Eder must have to defend herself against the “d” word fairly often these

days. In the last 10 years the singer has knocked out audiences in the

Broadway production of the musical “Jekyll & Hyde” and released four solo

albums that have won her comparisons to the likes of Judy Garland and

Barbra Streisand. If she lacks a proper diva’s brassy assertiveness, Eder

has all the vocal credentials necessary for the title.Newport-Mesa

residents will get to turn an ear to her crooning Dec. 11 when she plays the Orange County Performing Arts Center’s Segerstrom Hall. The show

should give audiences a taste of the poppy but powerful voice Eder is

known for.

It’s a voice that the singer has, to a large degree, developed herself

based on the recordings she loved as a child.

Growing up, Eder received a record of American opera star Eileen Farrell

singing arias from a variety of different works. Eder didn’t know very

much about the material that was being performed: “I don’t really know

opera aside from the ones that everyone knows, the pop operas,” she said.

But the voice captured her imagination.

The 10-year-old Eder worked for a long time to emulate Farrell’s vocal

mannerisms. Then she saw “The Wizard of Oz” and everything changed.

Garland was suddenly the model to copy, but for a different reason.

“Garland, I didn’t feel I was trying to emulate [musically],” Eder said.

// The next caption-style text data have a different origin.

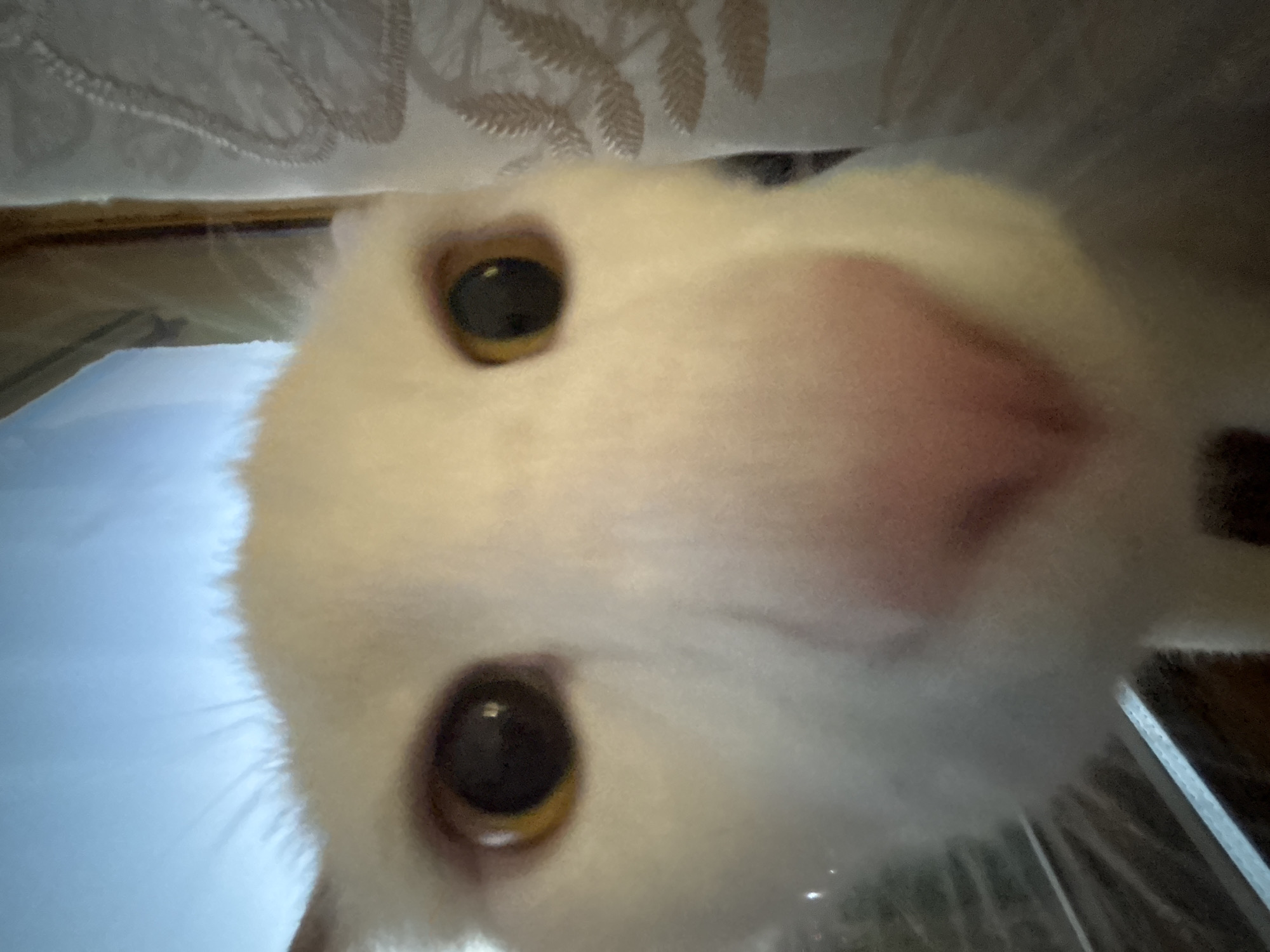 White Cat Spotted in Multiple Indoor Locations During Evening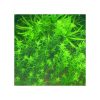 Hemianthus micranthemoides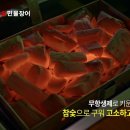 백마강 민물장어 이미지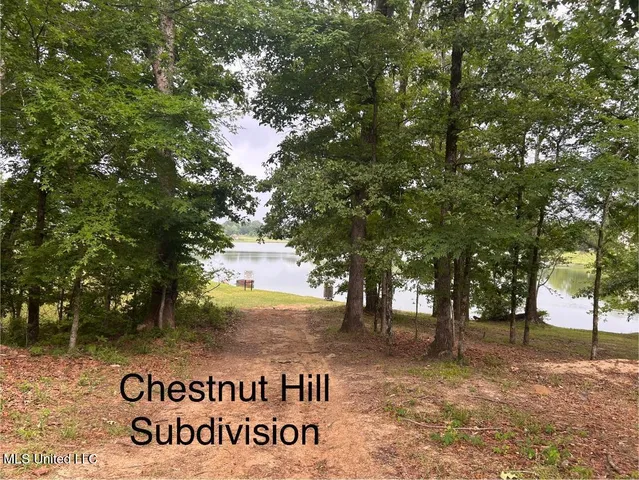 $130,000 | Chestnut Hill, Flora, MS 39071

“What I learned from her more was a performing sensibility.”

The Garland approach to performance is one Eder contrasts with another of

her heroes: Streisand.

“Where Streisand is sort of ‘I’ll shut my eyes and you can watch me,’

Garland was an all-out performer: ‘I’ll give you all I’ve got. I’ll sing

away all night,”’ Eder said.

The latter approach, one that requires her to pour herself into work and

performance, is the one that Eder has adopted in her career.

She not only delivers exuberant work, but she’s also been doing so --

for the last decade, anyway -- at a pace that mere mortals and sub-divas

would almost certainly find overwhelming.

In addition to performing eight shows a week as the prostitute Lucy in

“Jekyll and Hyde,” for example, she also managed to run in the New York

City Marathon.

To promote her Altantic Records release “It’s Time,” Eder raced through

an 11-city tour while visibly pregnant. She won critical praise for the

alluring hump of her velvet-clad belly as much as for her singing.

Eder jokes that her career drive is the product of “either work ethic or

insanity.” More candidly, she admits she finds the instability of the

music business a motivating factor in her all-out performance campaign.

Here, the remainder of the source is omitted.